* _Work order_: In your copy of the data, omit the pictures and keep all else exactly as given.

* _Provided data_:
--- START ---
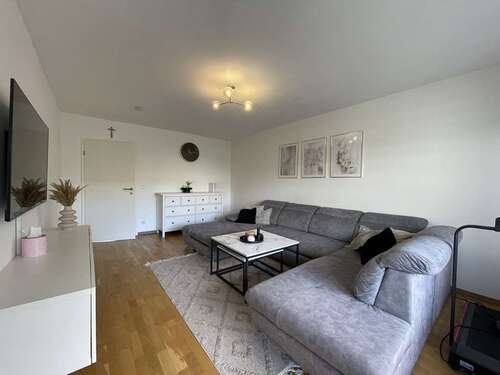 Foto - Wohnung zum Kaufen in München 795.000,00 € 79.82 m²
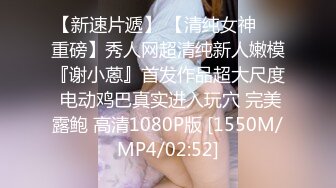 ⚫️⚫️贵在真实，步行街街边公共女厕，定点偸拍多位路人方便，有少女少妇老熟女，后位清晰看双洞，老者阴毛都掉光了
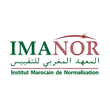 Intervention Negotral pour hygiène et sécurité conformément aux normes Imanor
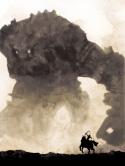 8106shadow_of_the_colossus_by_fellcoda.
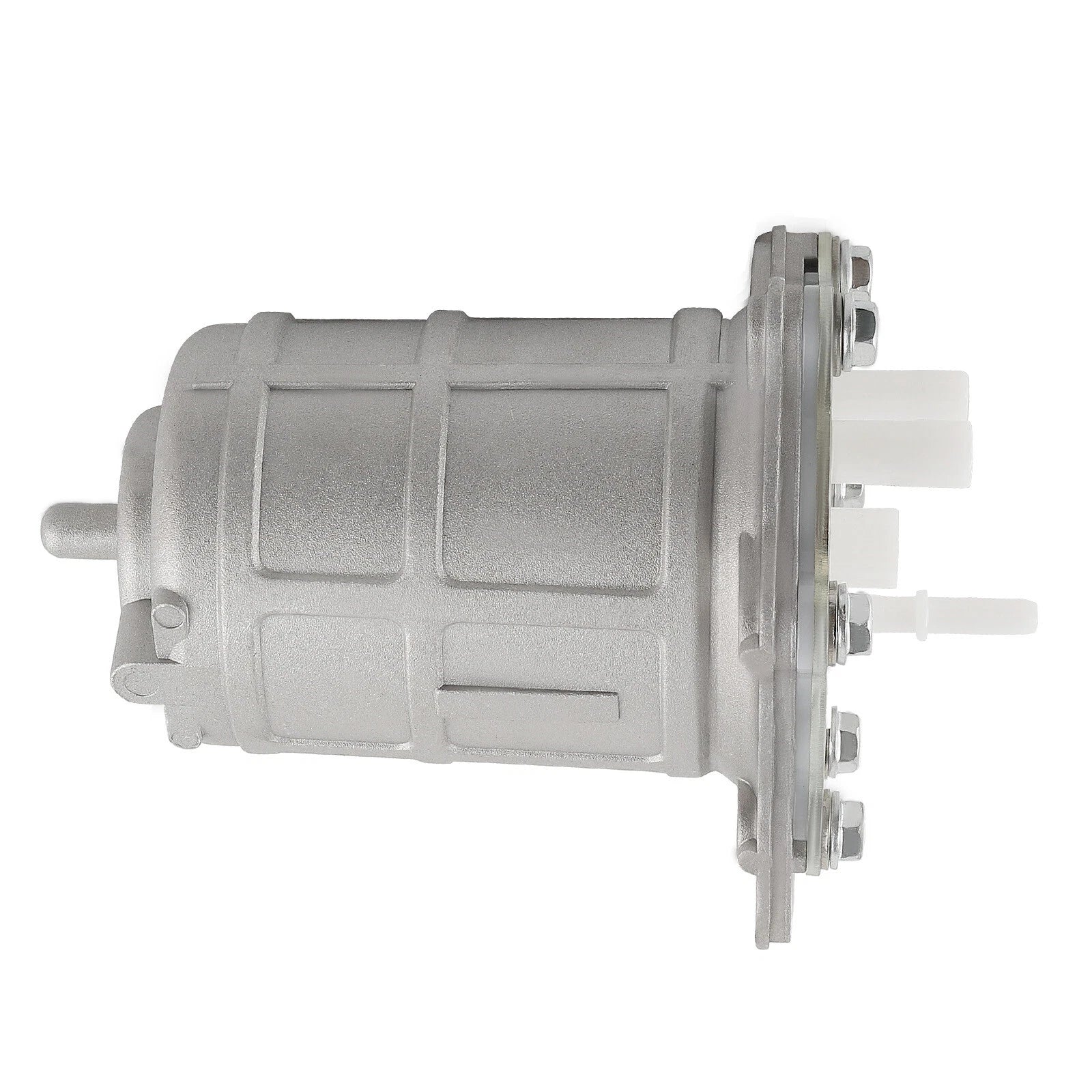 Electric Fuel Pump Assembly for Honda Sabre 1300 VT1300CS VT1300CSA (2010–2014)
--- END ---
* _Answer to the problem_:
 Foto - Wohnung zum Kaufen in München 795.000,00 € 79.82 m²
 ⚫️⚫️贵在真实，步行街街边公共女厕，定点偸拍多位路人方便，有少女少妇老熟女，后位清晰看双洞，老者阴毛都掉光了
 Intervention Negotral pour hygiène et sécurité conformément aux normes Imanor
 8106shadow_of_the_colossus_by_fellcoda.
 Electric Fuel Pump Assembly for Honda Sabre 1300 VT1300CS VT1300CSA (2010–2014)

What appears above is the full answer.